Plant-based foods use less land, water and fuel, and create less pollution than meat and dairy products. A 2018 study of the impacts of 40 foods from 40,000 farms across 119 countries found that eating less or no animal-based food is critical for reducing our impact on the environment, our health and animal welfare. The World Health Organization says a diet rich in vegetables, fruits, legumes, nuts and grains is the best path to health and longevity. The bigger the proportion of a person’s diet they comprise, the greater the benefit. These are some of the products to look for, cut down on , or eliminate:
– Try not to buy food made with palm oil, which often grown in monoculture that degrades soil and leads to deforestation. A 2017 Amnesty International report found the industry used banned pesticides, exploited farmworkers and used forced and child labour. The chocolate and coffee industries have similar issues.
– Buy organic, not because it is just better for your own body, but because it reduces farmworkers’ exposure to many fertilisers and pesticides.
– Avoid meat produced with hormones, steroids and antibiotics. Beef is a prime example.
– Don’t buy eggs from concentrated animal feeding operations – “cage-free” isn’t as lovely as you think, that is, the issue of caged chickens is only part of the problem.
– Pick fish from sustainable species that won’t exacerbate overfishing.
– About 40 per cent of edible food is wasted, thrown out, squandering resources like water, land and fuel. Cook less, finish what you prepare.

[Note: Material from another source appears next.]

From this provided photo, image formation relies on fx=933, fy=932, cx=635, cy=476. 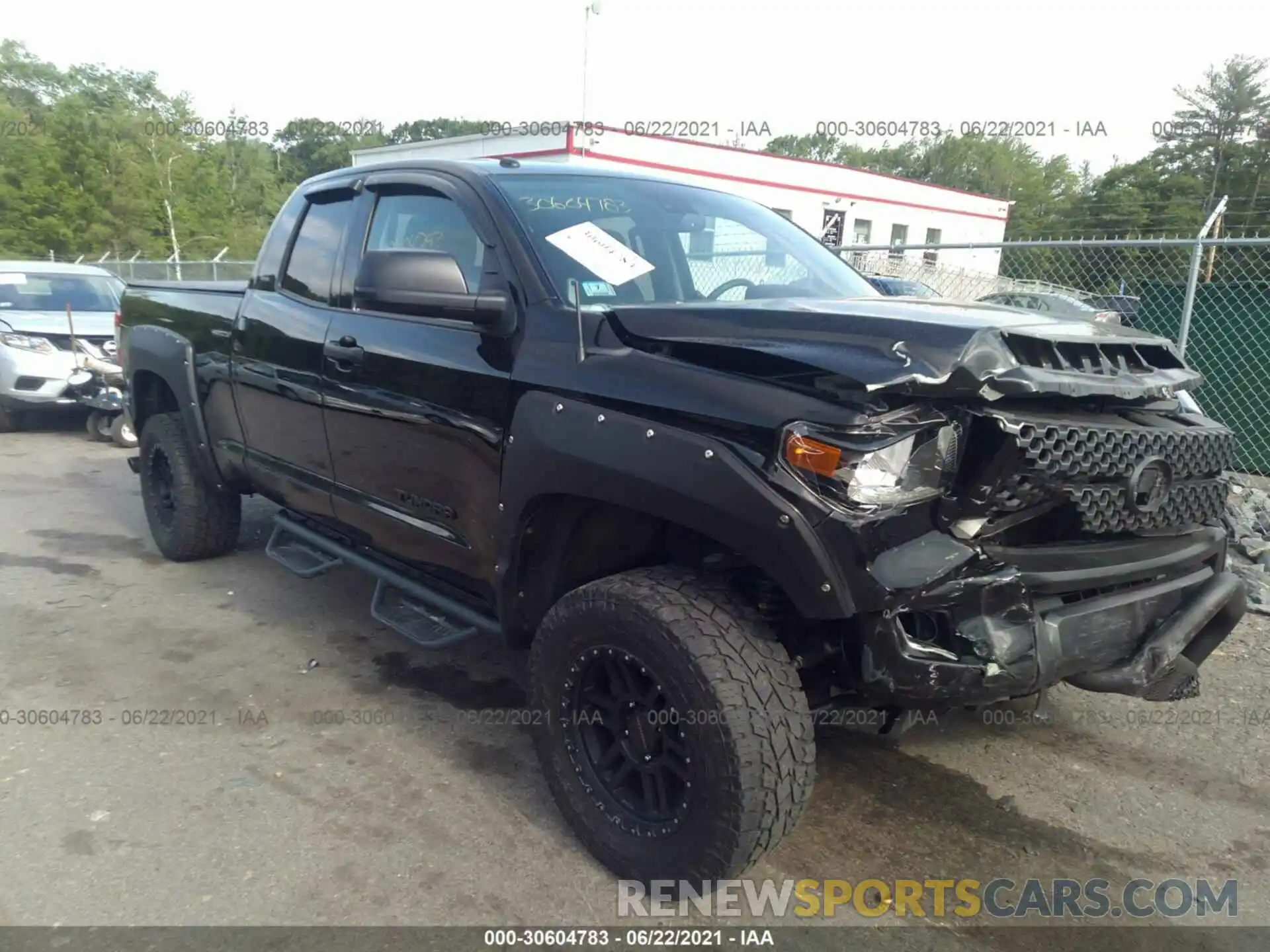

– Try to eat less anyway. Fewer calories is a key to longevity and better health, and reduces resource use of all kinds.
( based on an article by P. K. Newby, an associate professor of nutrition at Harvard, and author of Food and Nutrition: New Scientist. Jan 2019).
My comment: I realise that what missing from the above short piece are better examples what to avoid; also how to find out what is genuinely produced without fertilisers, hormones, steroids, antibiotics etc. – and what to trust. Suggestions from readers gratefully received! I am not a food scientist.